Animoog for iPad: touching inspiration


Animoog has been around for a couple of years now. We could have featured it in our iPad Music Making Apps: Classic For A Reason series, but we thought it deserved its own spotlight. Animoog somewhat of a godfather of serious synth apps, partly because of the weight that the name Moog carries, but also from the favorable reviews the synth has garnered over its short life span. Its award winning and highly-regarded synth engine has recently been introduced into Moog hardware (Check out the Theremini at NAMM 2014)

Animoog is a visual wave table synth. Each sound can contain up to 8 wave samples, that are layered one on top of the other in the XY main window of the synth. You can drag your finger through the eight layers, or record the movement of your finger to automatically move wherever through the layers, to create some movement in the sound. There’s a weird touch-plate style keyboard at the bottom of the window that you can play at the same time as dragging your fingers through the different waveforms. You can slide your finger up and down the keyboard, control the amount of glide and portamento on the note, and how centrally you hit the pitch of each note.

Once you have the sound you’re looking for, you can hit the record button, and the app will record your finger movements on the wavetable as you play. Every time you play a note thereafter, the timbre of the sound will be changed by the pattern you traced on the XY window. It will repeat it for each note you play.

On top of this already fun experience, there are a bunch of fx and modulations to the side of the XY window that have the weight of Moog’s sonic prowess behind it – a delicious sounding filter, delay, 2 distortion types, and modulation elements that affect the movement of the sound through the 8 wave layers.

To the top of the window, you can move from the main XY window to other parameter windows.
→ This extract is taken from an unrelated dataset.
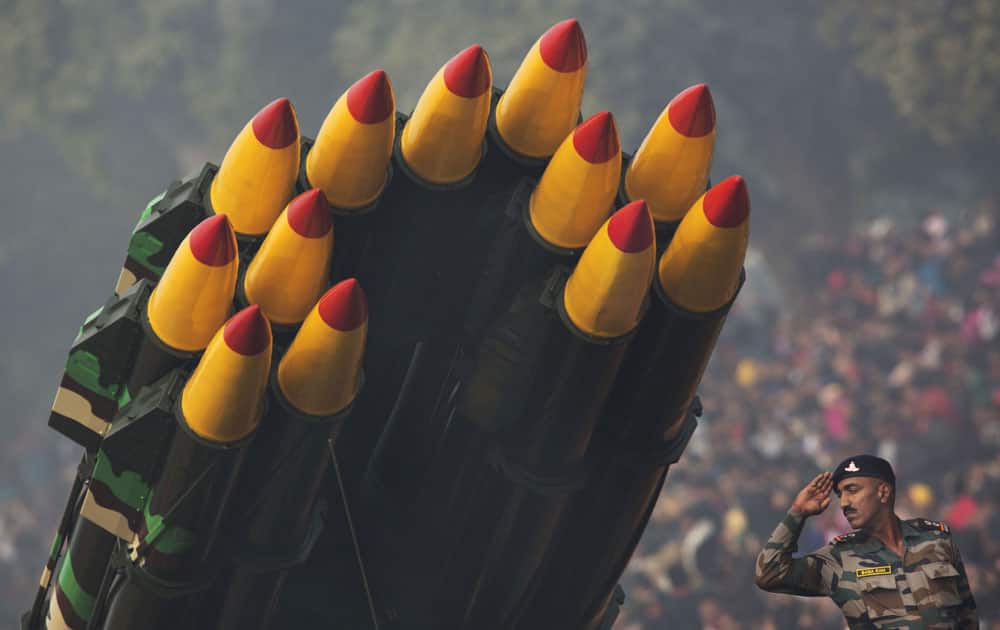 An Indian soldier in charge of multi barrel rocket launchers salutes Indian President as he participates in the Republic Day parade in New Delhi.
The K/B window lets you choose what scale you want the keyboard at the bottom to represent, and you can choose which notes are in and out of the keyboard. There is an Env/Mod page that lets you assign LFO’s to several different sources, and envelope the sound you’ve created.

The timbres window enables you to select a waveform for each of the 8 layers in the XY window. There are A LOT of waveforms to pick from.

The setup window enables links with the outside musical world – Animoog supports iOS core midi, so you can attach a midi controller and play away. You can also record and loop sounds you create with a digital 4 track, audio copy and paste to other apps if you wish.

Here’s a sweet performance using Animoog in a setup:

Standout element

The team at Moog definitely wanted to take advantage of the multitouch possibilities of the iPad/iPhone. The weird keyboard is for me the most inspiring part of Animoog, with it’s awesome glide, portamento and polyphonic modulation capabilities. So with as many fingers as you can muster, you can affect the tone and timbre of each separate note. you can control glide and pitch with each finger, and as you move up and down the key you can control timbre and whatever other effect is routed to the finger position on the keyboard. Therefore each note can be changing pitch and timbre simultaneously. This is very inspirational to me, and obviously stands out from a regular keyboard synth.


The Animoog is one of my favorite apps when it comes to creativity. The sound quality it goes without saying is excellent. But the way it stands apart from me is the excellent way Moog has utilized the touch screen capabilities of the iPad to enable instant creativity in a different way from normal. I use it as an instrument to turn to when I need some fresh inspiration, and the more typical method I use seems tired. Instead of turning knobs or clicking a mouse you have the sweeps and flourishes of your fingers over the large xy window, and instead of the rigid boundaries of keys, you can control portamento and glide directly by sliding between notes. For an iPad app, it’s pricey, running at $30 or thereabouts. But this is a simple yet powerful soft synth, which would probably have cost a lot more had Moog released it for desktop computers. I think it’s a bargain for what you’re getting.

P.s: once you’ve checked all the presets, make sure to have a look at the in-app store. You’ll find some cool expansion packs, featuring new presets and timbres that can expand your Animoog’s palette. Tip: if you are into more experimental sounds, check out Richard Devine’s pack, you won’t regret it!